:: WORK TO COMPLETE ::
Give the records again exactly as written. Leave out the pictures.

--- START ---

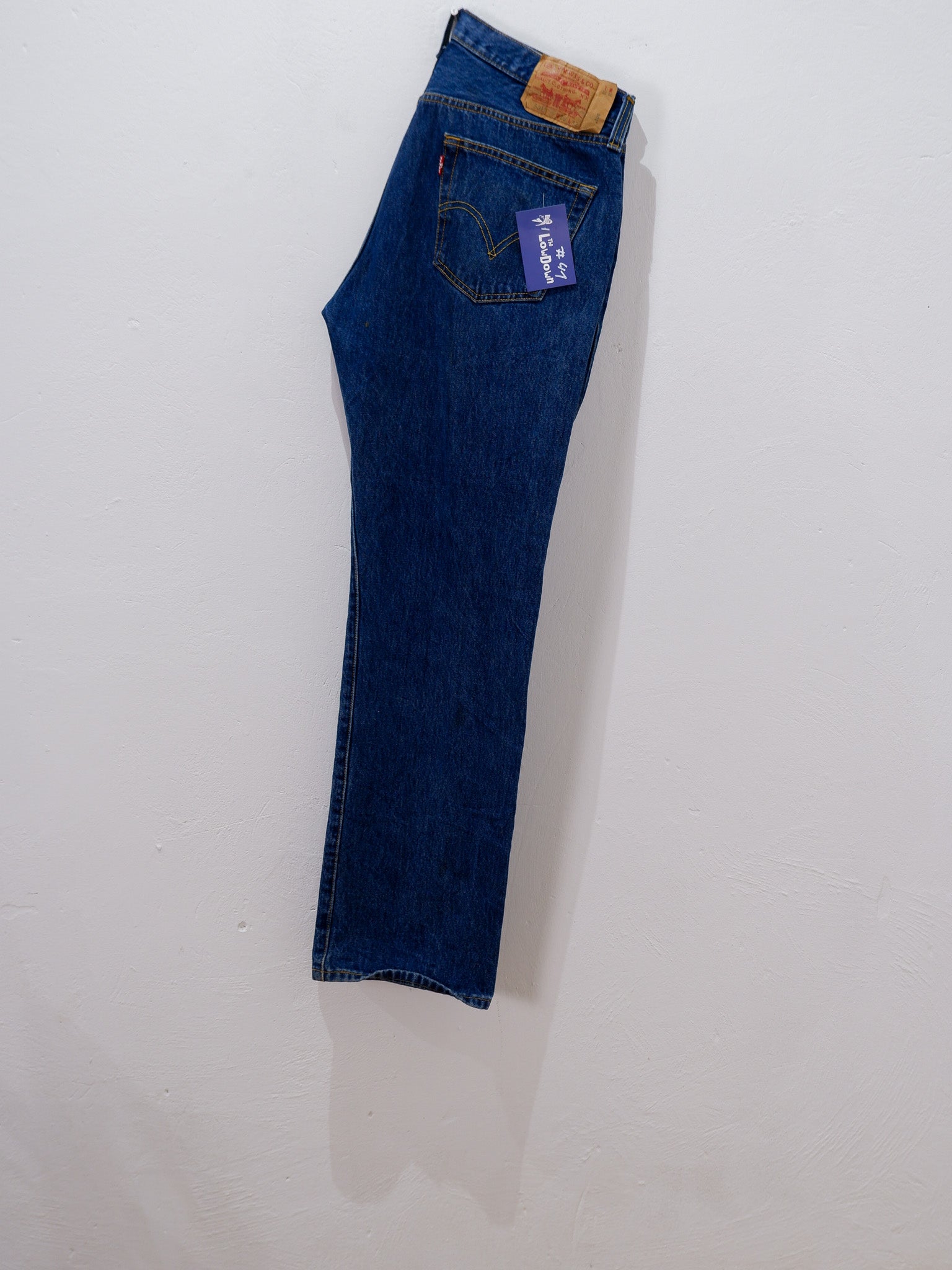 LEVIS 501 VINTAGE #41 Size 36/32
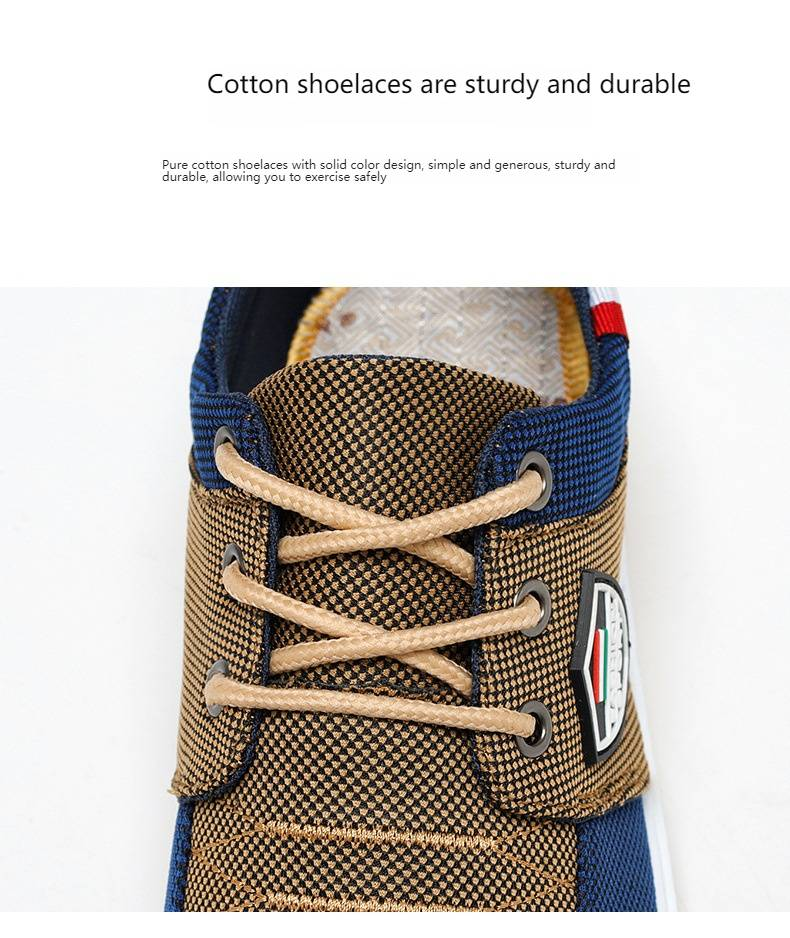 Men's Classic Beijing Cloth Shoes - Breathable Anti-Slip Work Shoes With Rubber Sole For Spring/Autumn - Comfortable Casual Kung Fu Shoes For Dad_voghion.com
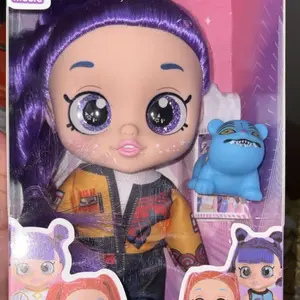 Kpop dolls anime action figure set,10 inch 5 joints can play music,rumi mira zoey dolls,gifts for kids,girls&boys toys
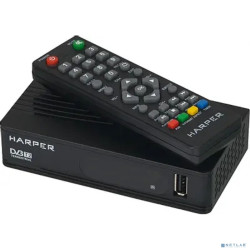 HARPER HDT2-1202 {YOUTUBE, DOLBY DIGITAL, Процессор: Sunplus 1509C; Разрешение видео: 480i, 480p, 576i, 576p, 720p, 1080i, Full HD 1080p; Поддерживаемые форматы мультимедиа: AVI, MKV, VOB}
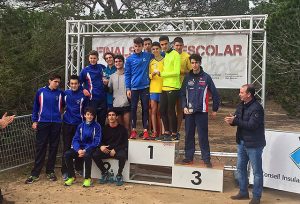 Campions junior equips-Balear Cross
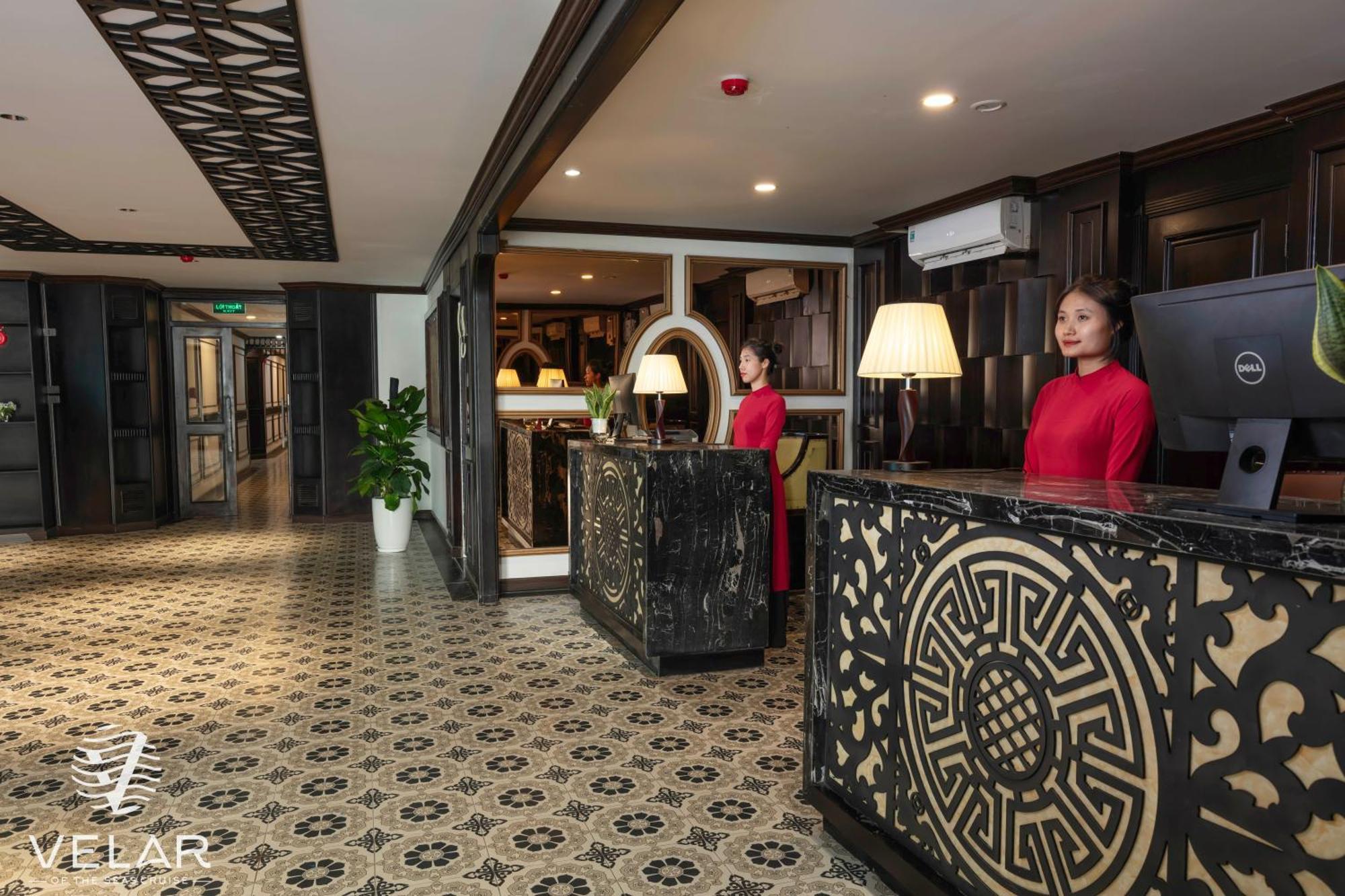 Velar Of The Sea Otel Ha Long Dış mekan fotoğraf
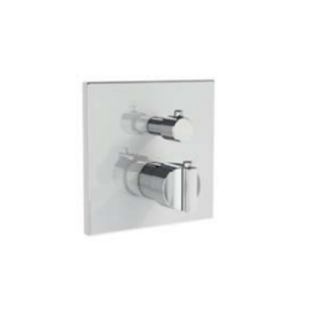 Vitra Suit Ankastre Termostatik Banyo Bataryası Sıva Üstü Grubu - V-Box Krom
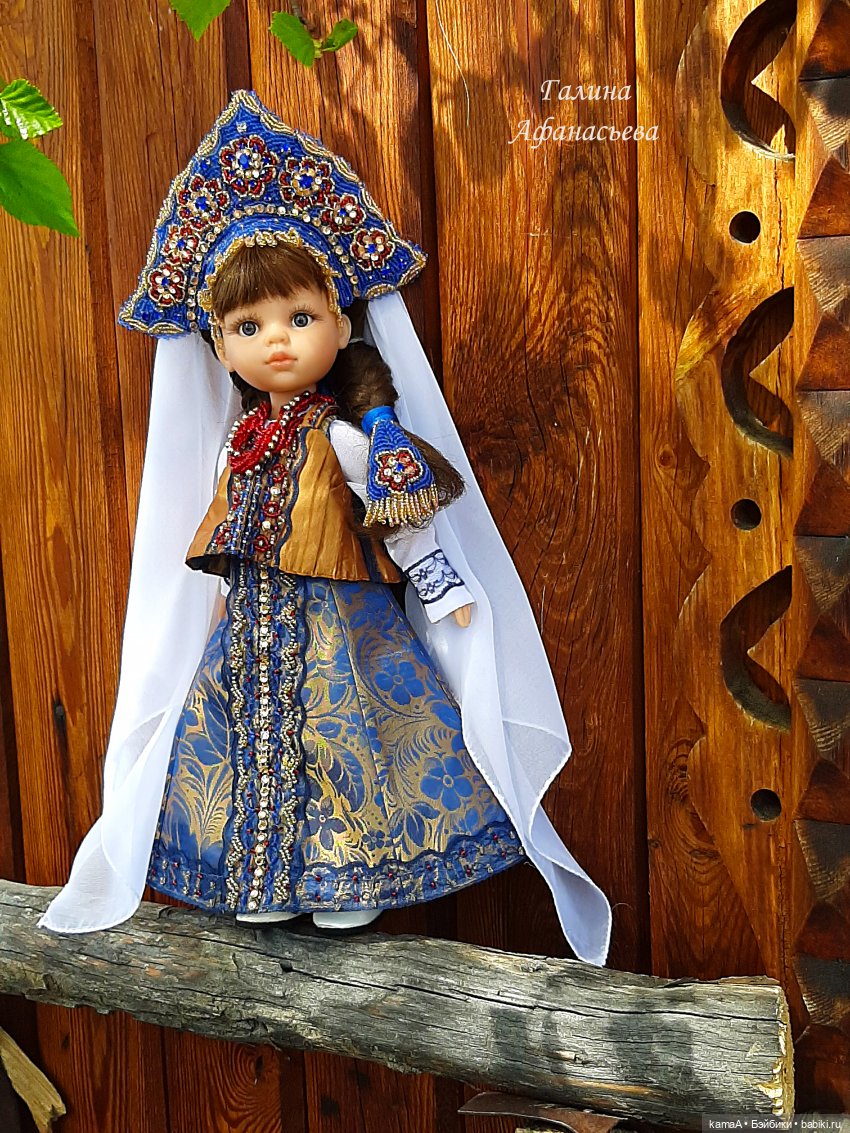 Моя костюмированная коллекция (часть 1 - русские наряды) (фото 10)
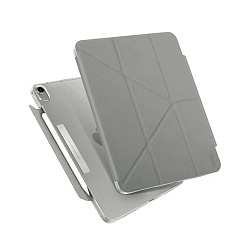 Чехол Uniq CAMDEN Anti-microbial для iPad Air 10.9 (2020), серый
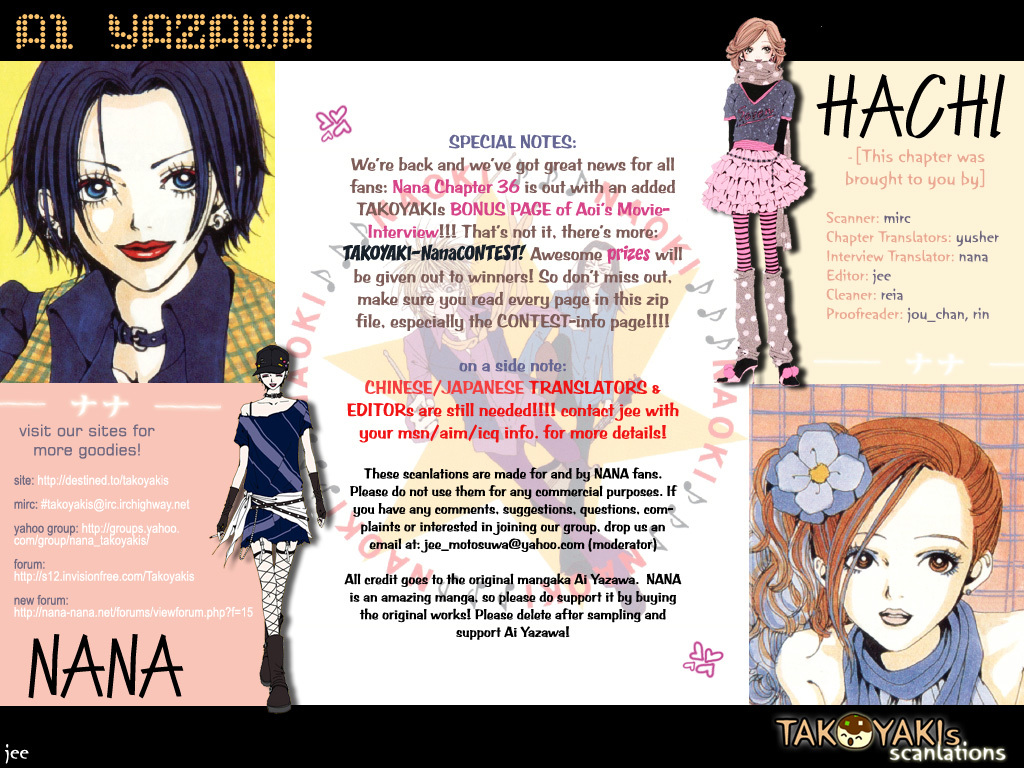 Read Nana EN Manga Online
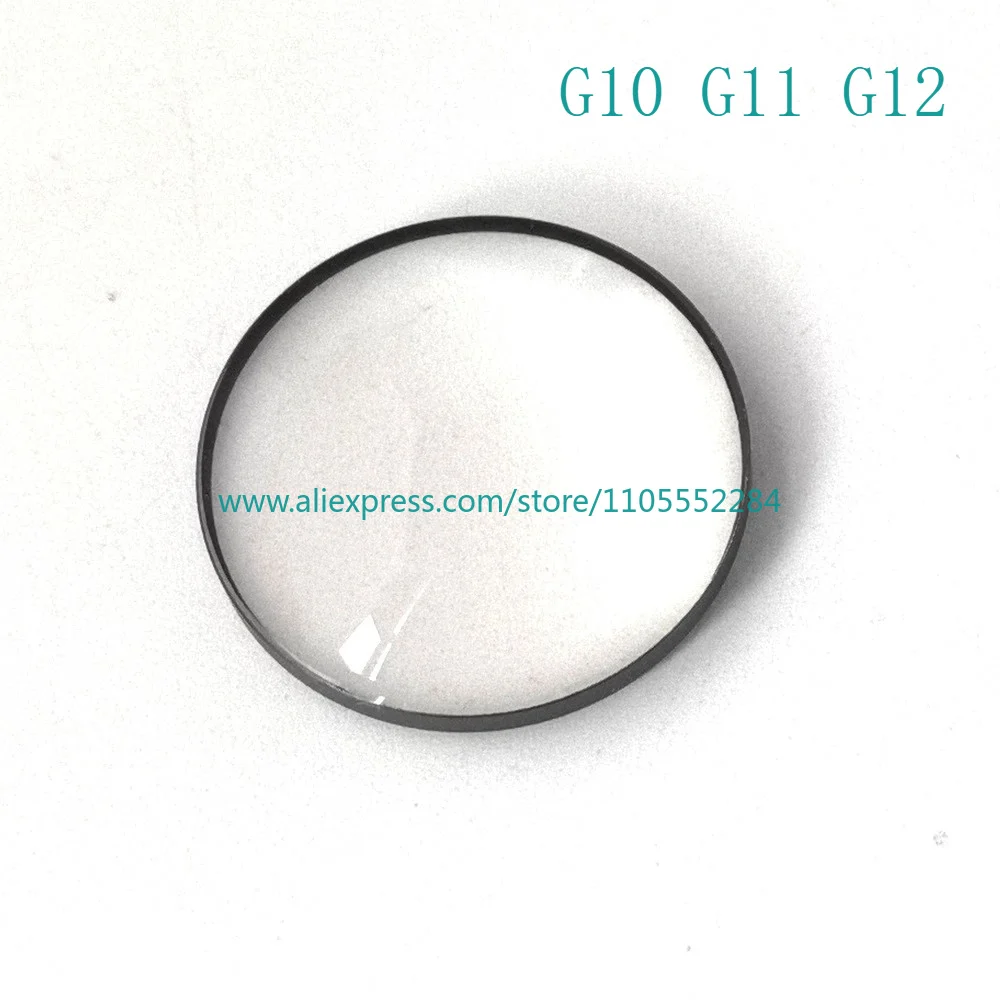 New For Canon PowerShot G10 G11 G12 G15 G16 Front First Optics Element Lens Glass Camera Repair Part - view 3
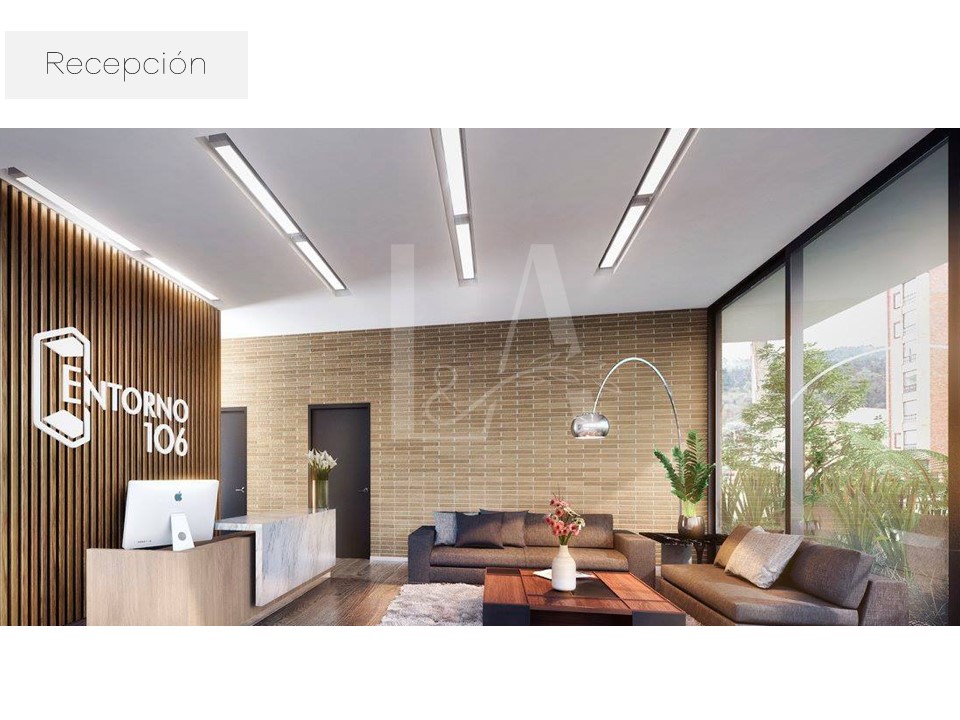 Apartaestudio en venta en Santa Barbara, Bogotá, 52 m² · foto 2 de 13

--- END ---

:: RESPONSE TO THIS TASK ::
 LEVIS 501 VINTAGE #41 Size 36/32
 Men's Classic Beijing Cloth Shoes - Breathable Anti-Slip Work Shoes With Rubber Sole For Spring/Autumn - Comfortable Casual Kung Fu Shoes For Dad_voghion.com
 Kpop dolls anime action figure set,10 inch 5 joints can play music,rumi mira zoey dolls,gifts for kids,girls&boys toys
 HARPER HDT2-1202 {YOUTUBE, DOLBY DIGITAL, Процессор: Sunplus 1509C; Разрешение видео: 480i, 480p, 576i, 576p, 720p, 1080i, Full HD 1080p; Поддерживаемые форматы мультимедиа: AVI, MKV, VOB}
 Campions junior equips-Balear Cross
 Velar Of The Sea Otel Ha Long Dış mekan fotoğraf
 Vitra Suit Ankastre Termostatik Banyo Bataryası Sıva Üstü Grubu - V-Box Krom
 Моя костюмированная коллекция (часть 1 - русские наряды) (фото 10)
 Чехол Uniq CAMDEN Anti-microbial для iPad Air 10.9 (2020), серый
 Read Nana EN Manga Online
 New For Canon PowerShot G10 G11 G12 G15 G16 Front First Optics Element Lens Glass Camera Repair Part - view 3
 Apartaestudio en venta en Santa Barbara, Bogotá, 52 m² · foto 2 de 13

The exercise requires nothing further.